■ Exercise goal: Select every line below containing the word "Pack".

■ Data:
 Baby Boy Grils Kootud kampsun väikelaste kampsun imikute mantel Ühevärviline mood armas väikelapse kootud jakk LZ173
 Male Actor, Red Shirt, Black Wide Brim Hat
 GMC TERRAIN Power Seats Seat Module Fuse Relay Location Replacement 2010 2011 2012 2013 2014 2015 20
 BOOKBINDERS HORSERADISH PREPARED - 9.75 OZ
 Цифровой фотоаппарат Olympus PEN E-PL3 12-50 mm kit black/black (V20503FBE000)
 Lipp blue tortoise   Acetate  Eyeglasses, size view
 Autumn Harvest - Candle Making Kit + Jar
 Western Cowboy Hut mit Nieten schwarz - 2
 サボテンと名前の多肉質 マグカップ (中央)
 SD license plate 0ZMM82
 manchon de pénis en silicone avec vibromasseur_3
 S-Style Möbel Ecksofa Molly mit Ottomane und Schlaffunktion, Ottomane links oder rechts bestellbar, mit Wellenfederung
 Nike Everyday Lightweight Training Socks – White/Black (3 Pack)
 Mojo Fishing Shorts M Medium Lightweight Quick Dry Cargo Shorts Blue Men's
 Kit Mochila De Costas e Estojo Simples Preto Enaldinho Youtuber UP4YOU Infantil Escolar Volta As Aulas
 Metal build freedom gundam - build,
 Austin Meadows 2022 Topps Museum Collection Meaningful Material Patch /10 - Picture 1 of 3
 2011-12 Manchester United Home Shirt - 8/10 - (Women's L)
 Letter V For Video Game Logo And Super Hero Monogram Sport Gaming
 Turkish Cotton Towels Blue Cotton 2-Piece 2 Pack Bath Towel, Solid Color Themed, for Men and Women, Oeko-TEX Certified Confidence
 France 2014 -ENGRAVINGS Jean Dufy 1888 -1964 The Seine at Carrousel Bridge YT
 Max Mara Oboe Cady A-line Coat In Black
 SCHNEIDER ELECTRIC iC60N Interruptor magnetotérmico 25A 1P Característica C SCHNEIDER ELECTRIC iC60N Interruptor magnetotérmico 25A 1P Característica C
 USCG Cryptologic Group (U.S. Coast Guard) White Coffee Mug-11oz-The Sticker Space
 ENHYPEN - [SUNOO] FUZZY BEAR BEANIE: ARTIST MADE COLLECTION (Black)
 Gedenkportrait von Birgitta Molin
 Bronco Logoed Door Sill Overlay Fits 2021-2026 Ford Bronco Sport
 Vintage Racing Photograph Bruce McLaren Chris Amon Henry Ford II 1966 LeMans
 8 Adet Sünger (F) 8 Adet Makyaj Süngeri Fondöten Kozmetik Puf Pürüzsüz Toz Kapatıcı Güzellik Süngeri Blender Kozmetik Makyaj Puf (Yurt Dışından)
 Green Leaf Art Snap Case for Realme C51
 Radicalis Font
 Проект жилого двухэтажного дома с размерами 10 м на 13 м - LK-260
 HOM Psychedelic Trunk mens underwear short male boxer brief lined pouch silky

■ Task solution:
 Nike Everyday Lightweight Training Socks – White/Black (3 Pack)
 Turkish Cotton Towels Blue Cotton 2-Piece 2 Pack Bath Towel, Solid Color Themed, for Men and Women, Oeko-TEX Certified Confidence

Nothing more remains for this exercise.